**Problem to work on:**
The entries below are to be given back exactly, with images excluded.

**The records:**
┄┄┄┄┄┄

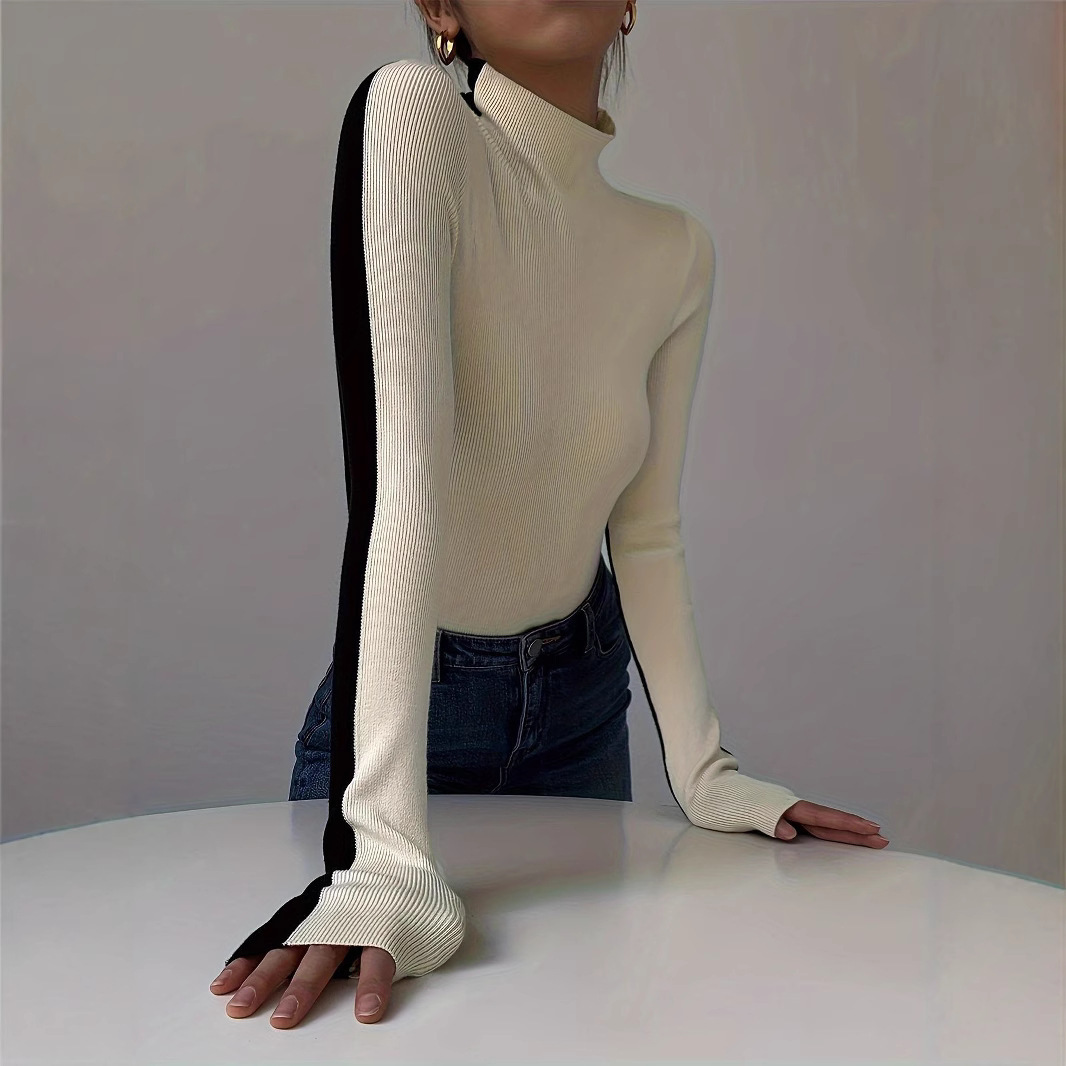 Black High-Neck Knit Sweater Slim Fit Long Sleeve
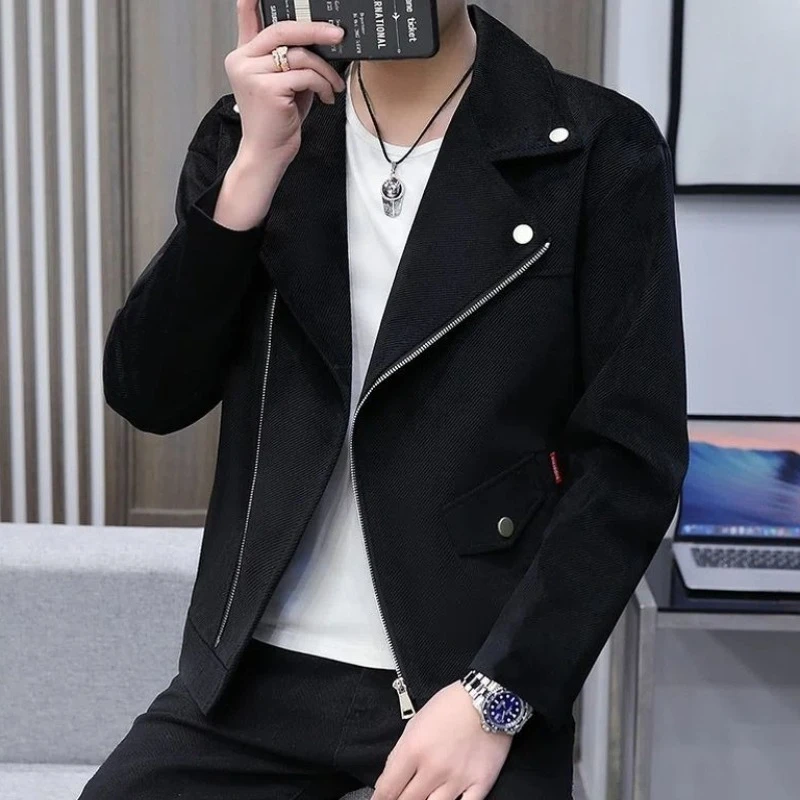 سترات بدلة رجالية ملابس بيضاء أصلية شهم جديد في معطف بسيط عتيق ملابس الربيع الصدر مع سترة رجالية بسحاب #4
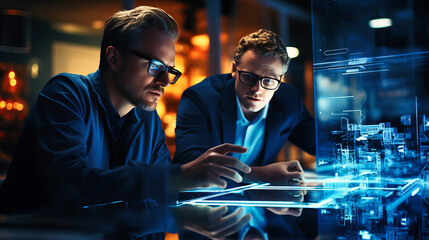 Knowledgeable tech support guiding a colleague through software troubleshooting.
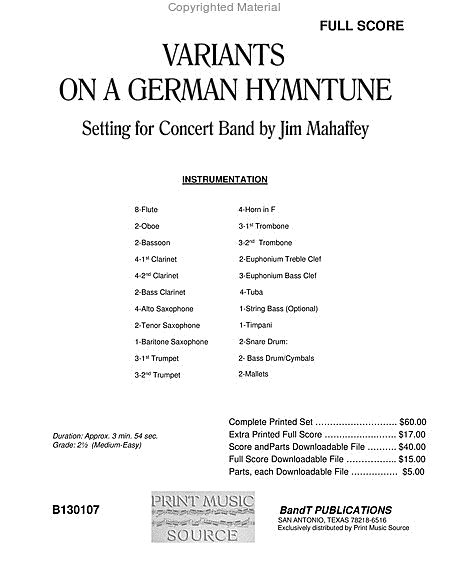Variants On A German Hymntune image number null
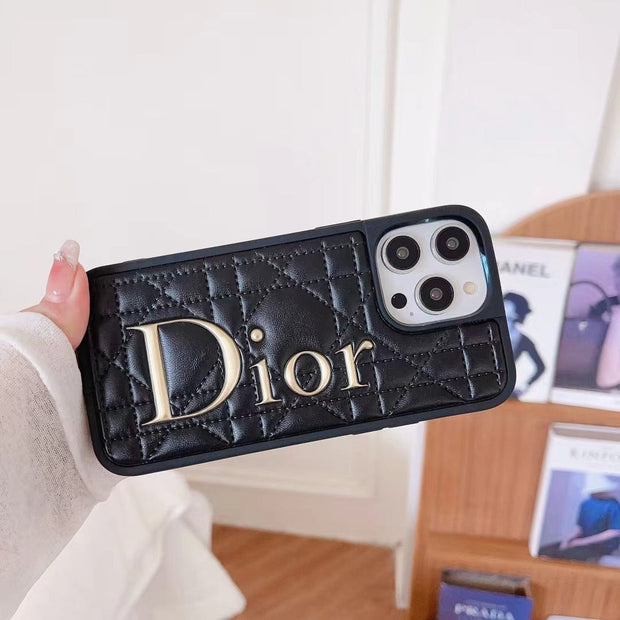 Looopix Dior Quilted Leather iPhone Cases with Embossed Logo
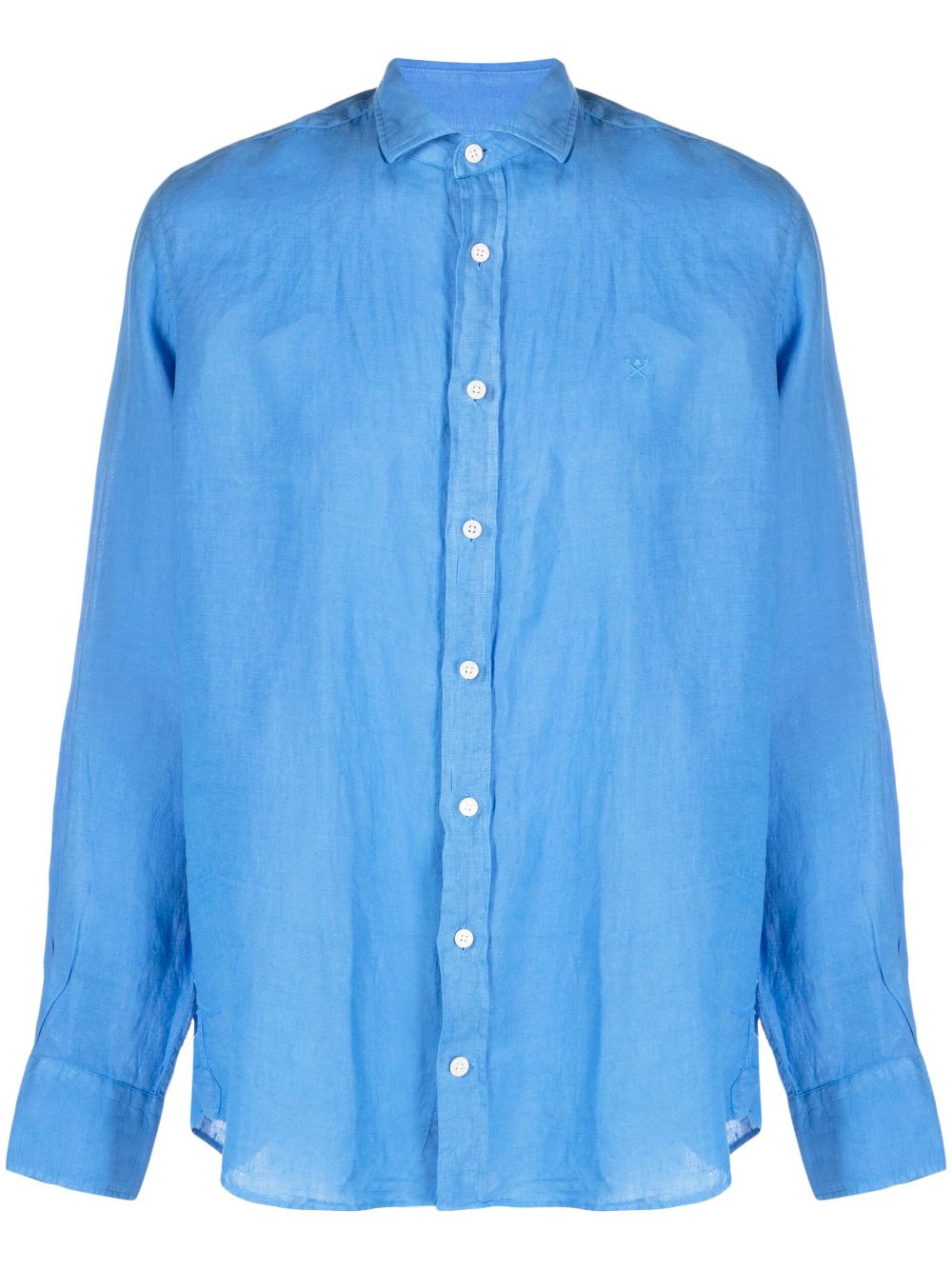 Logo-embroidered linen shirt - Blue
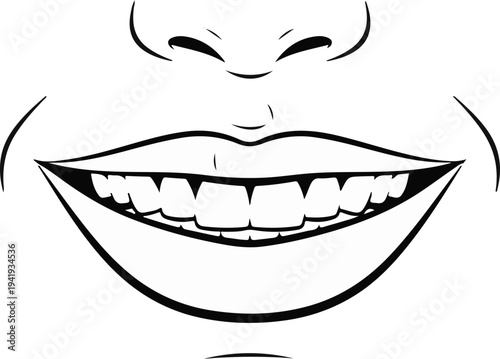 A graphic illustration of a wide, happy smile with prominent teeth and smiling eyes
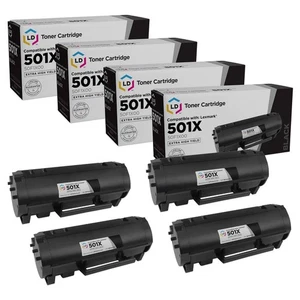 Juego de 4 cartuchos de tóner negro LD 50F1X00 Extra HY para Lexmark MS315 MS410 MS415 - Imagen 1 de 9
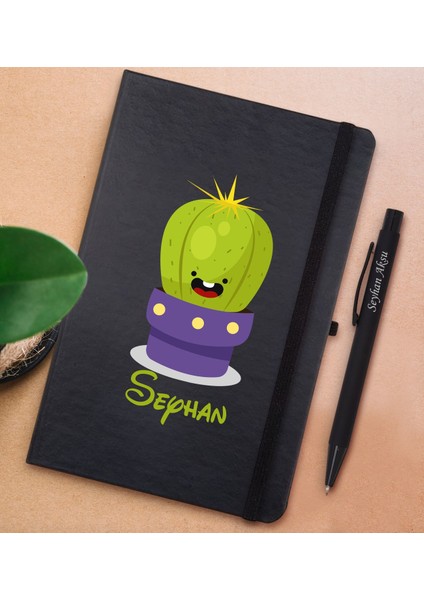 Gift Kişiye Özel Kaktüs Tasarımlı Siyah Defter ve Metal Versatil Kalem(0,7 Kurşun) Hediye Seti-10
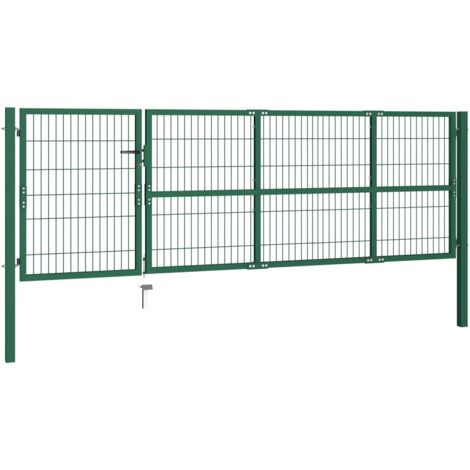 INLIFE Portail de clôture de jardin avec poteaux 350x100 cm Acier Vert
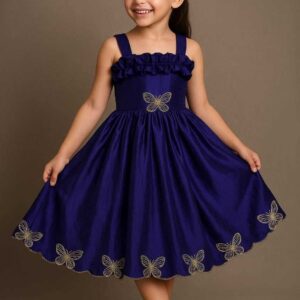 Navy Blue Butterfly Embroidered Party Frock for Girls – Premium Festive Wear Dress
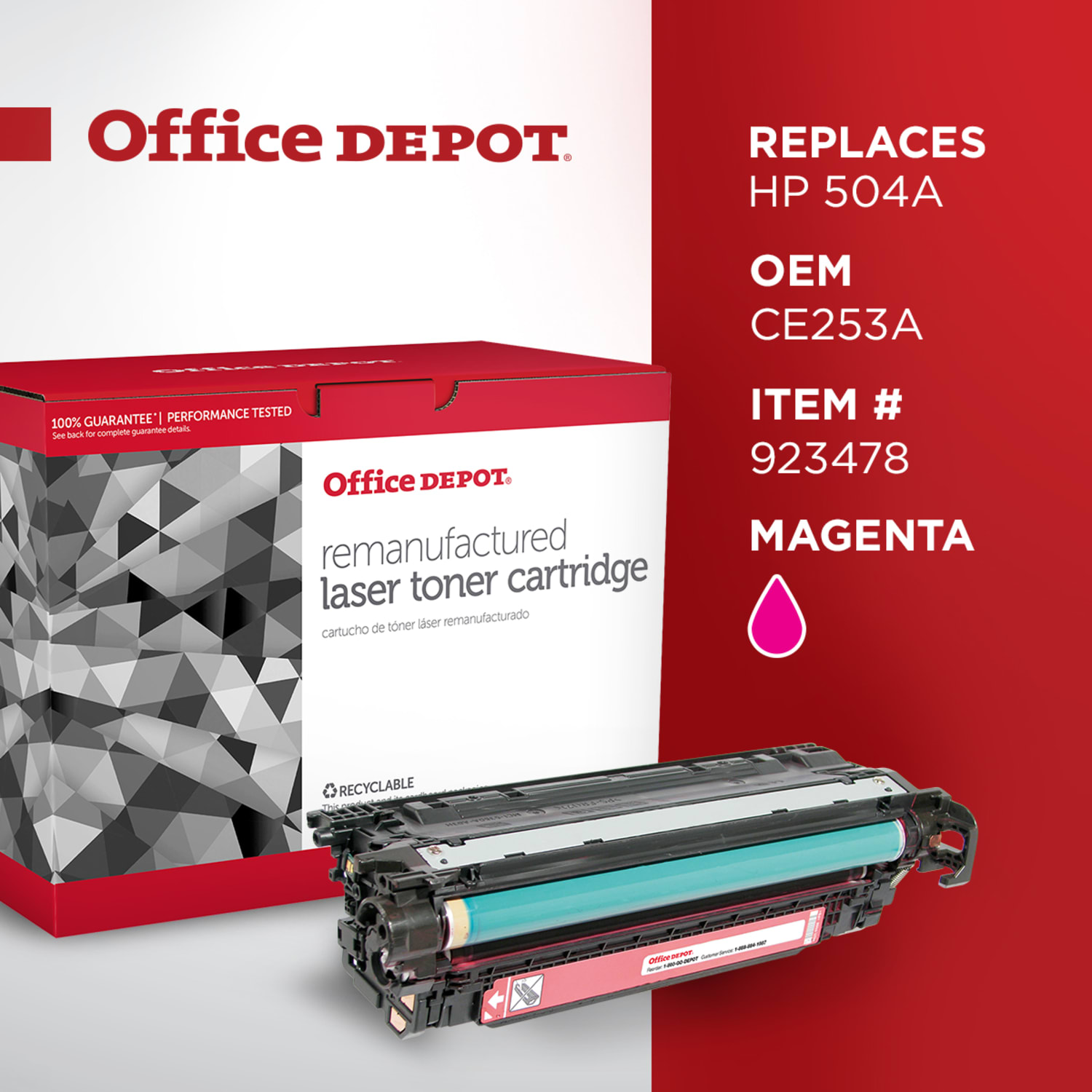 Office Depot Remanufactured Magenta Toner Cartridge Replacement For HP 504A, CE253A, OD3525M - Image 6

┄┄┄┄┄┄

**Result below:**
 Black High-Neck Knit Sweater Slim Fit Long Sleeve
 سترات بدلة رجالية ملابس بيضاء أصلية شهم جديد في معطف بسيط عتيق ملابس الربيع الصدر مع سترة رجالية بسحاب #4
 Knowledgeable tech support guiding a colleague through software troubleshooting.
Variants On A German Hymntune image number null
 Looopix Dior Quilted Leather iPhone Cases with Embossed Logo
 Logo-embroidered linen shirt - Blue
 A graphic illustration of a wide, happy smile with prominent teeth and smiling eyes
 Juego de 4 cartuchos de tóner negro LD 50F1X00 Extra HY para Lexmark MS315 MS410 MS415 - Imagen 1 de 9
 Gift Kişiye Özel Kaktüs Tasarımlı Siyah Defter ve Metal Versatil Kalem(0,7 Kurşun) Hediye Seti-10
 INLIFE Portail de clôture de jardin avec poteaux 350x100 cm Acier Vert
 Navy Blue Butterfly Embroidered Party Frock for Girls – Premium Festive Wear Dress
 Office Depot Remanufactured Magenta Toner Cartridge Replacement For HP 504A, CE253A, OD3525M - Image 6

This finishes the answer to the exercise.